Only certain lines below are wanted: those starting at the line containing "Triston Casas Sapphire Prospects" and ending at the line containing "SOURCE: FAO, 2022.", both included, each retyped exactly.

### MATERIAL SHOWN
----
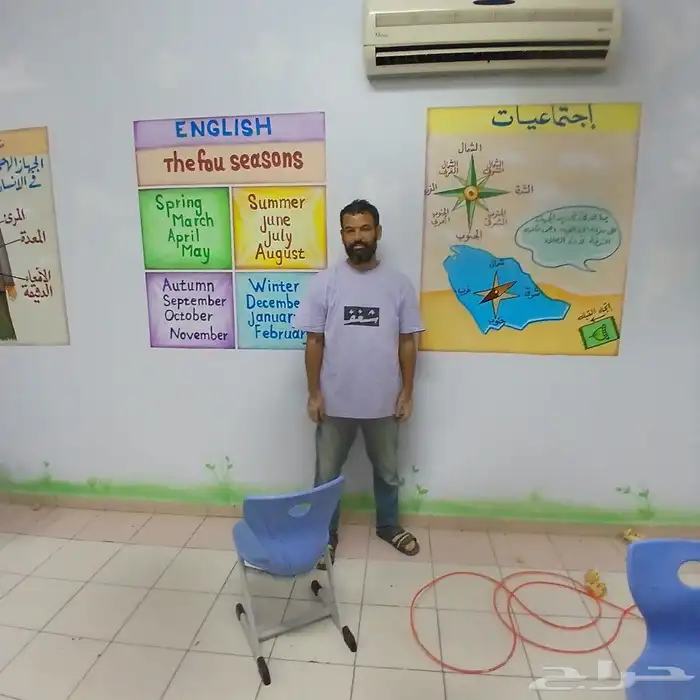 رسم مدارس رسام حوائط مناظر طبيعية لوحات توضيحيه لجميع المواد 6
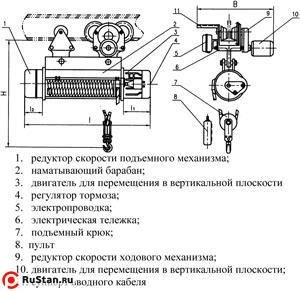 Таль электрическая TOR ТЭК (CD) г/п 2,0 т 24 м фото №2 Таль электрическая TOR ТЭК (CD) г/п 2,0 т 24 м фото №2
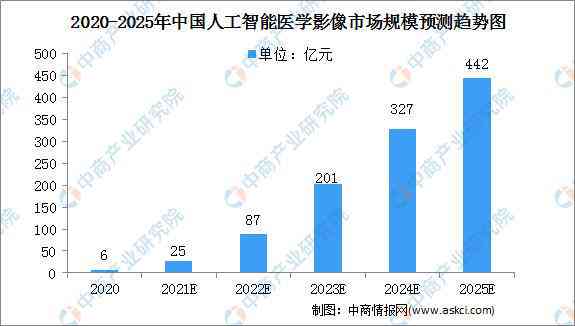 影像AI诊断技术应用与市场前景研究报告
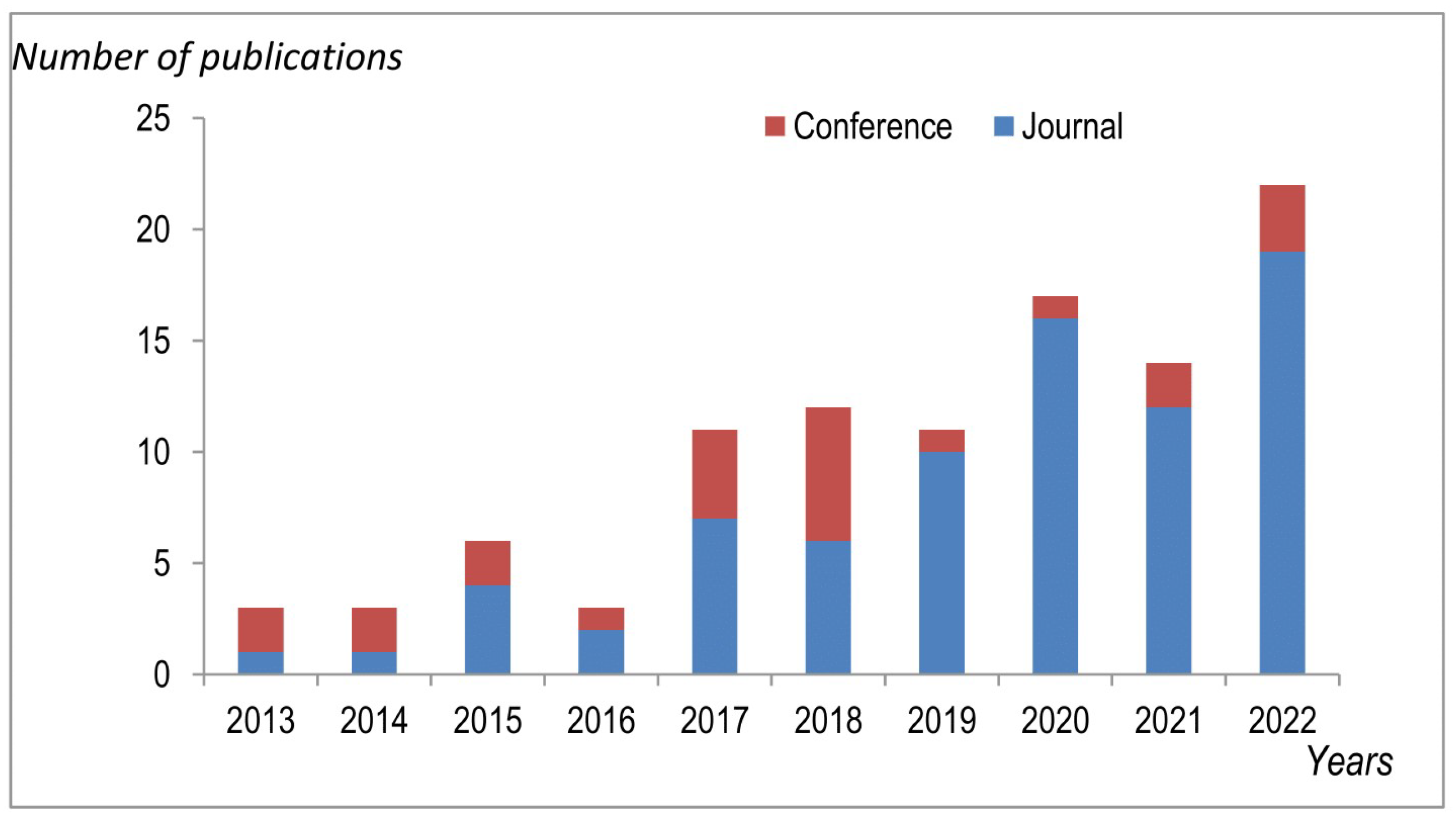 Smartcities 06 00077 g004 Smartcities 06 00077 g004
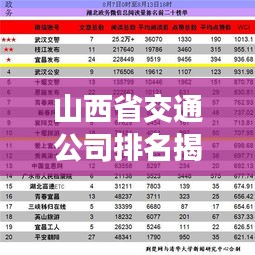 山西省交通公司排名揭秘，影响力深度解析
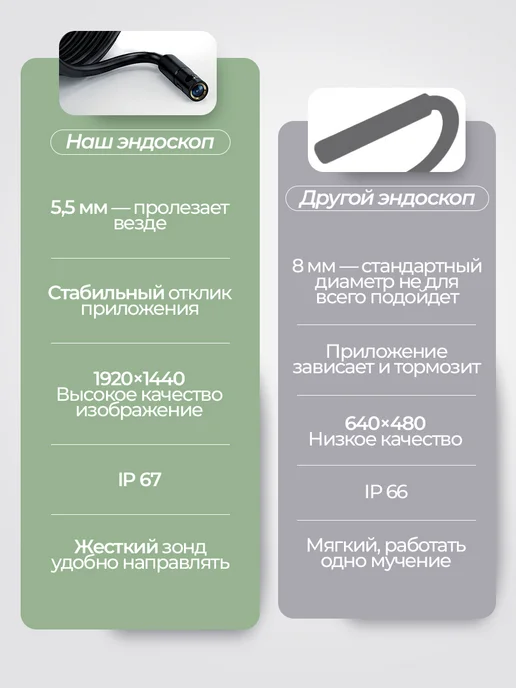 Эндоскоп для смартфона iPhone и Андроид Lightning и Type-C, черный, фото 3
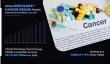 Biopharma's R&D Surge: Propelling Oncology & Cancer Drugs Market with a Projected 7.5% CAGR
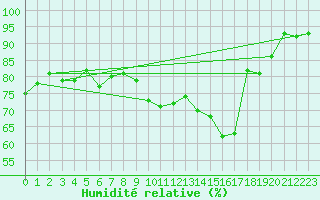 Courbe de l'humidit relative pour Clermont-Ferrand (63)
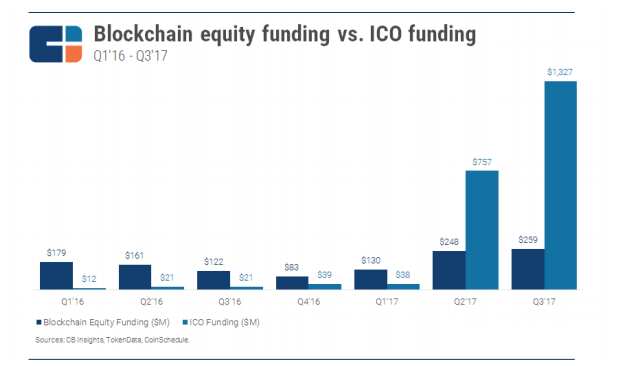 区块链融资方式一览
----
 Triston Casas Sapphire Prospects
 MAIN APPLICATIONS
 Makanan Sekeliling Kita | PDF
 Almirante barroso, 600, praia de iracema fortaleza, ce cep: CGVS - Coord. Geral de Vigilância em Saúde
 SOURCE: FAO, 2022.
----
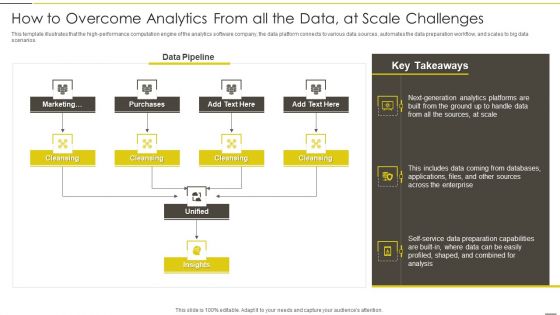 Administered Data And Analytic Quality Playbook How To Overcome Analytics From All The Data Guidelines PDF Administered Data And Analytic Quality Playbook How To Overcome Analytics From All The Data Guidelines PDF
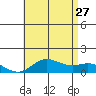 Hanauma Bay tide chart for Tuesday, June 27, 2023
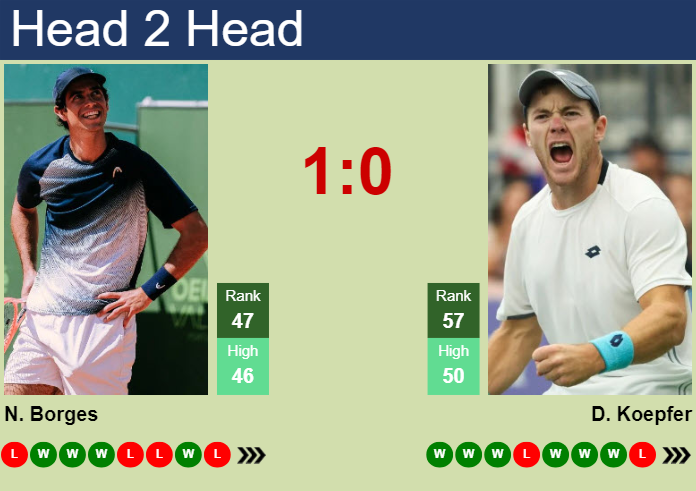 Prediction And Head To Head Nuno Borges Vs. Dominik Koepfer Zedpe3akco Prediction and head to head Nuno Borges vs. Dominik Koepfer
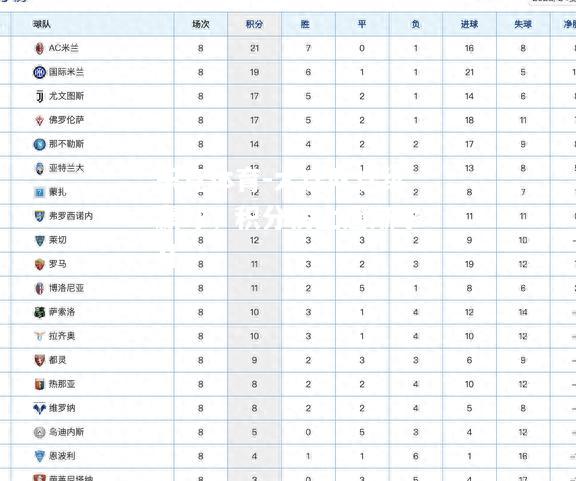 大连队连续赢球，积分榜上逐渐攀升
----
### TASK ANSWER
 Triston Casas Sapphire Prospects
 MAIN APPLICATIONS
 Makanan Sekeliling Kita | PDF
 Almirante barroso, 600, praia de iracema fortaleza, ce cep: CGVS - Coord. Geral de Vigilância em Saúde
 SOURCE: FAO, 2022.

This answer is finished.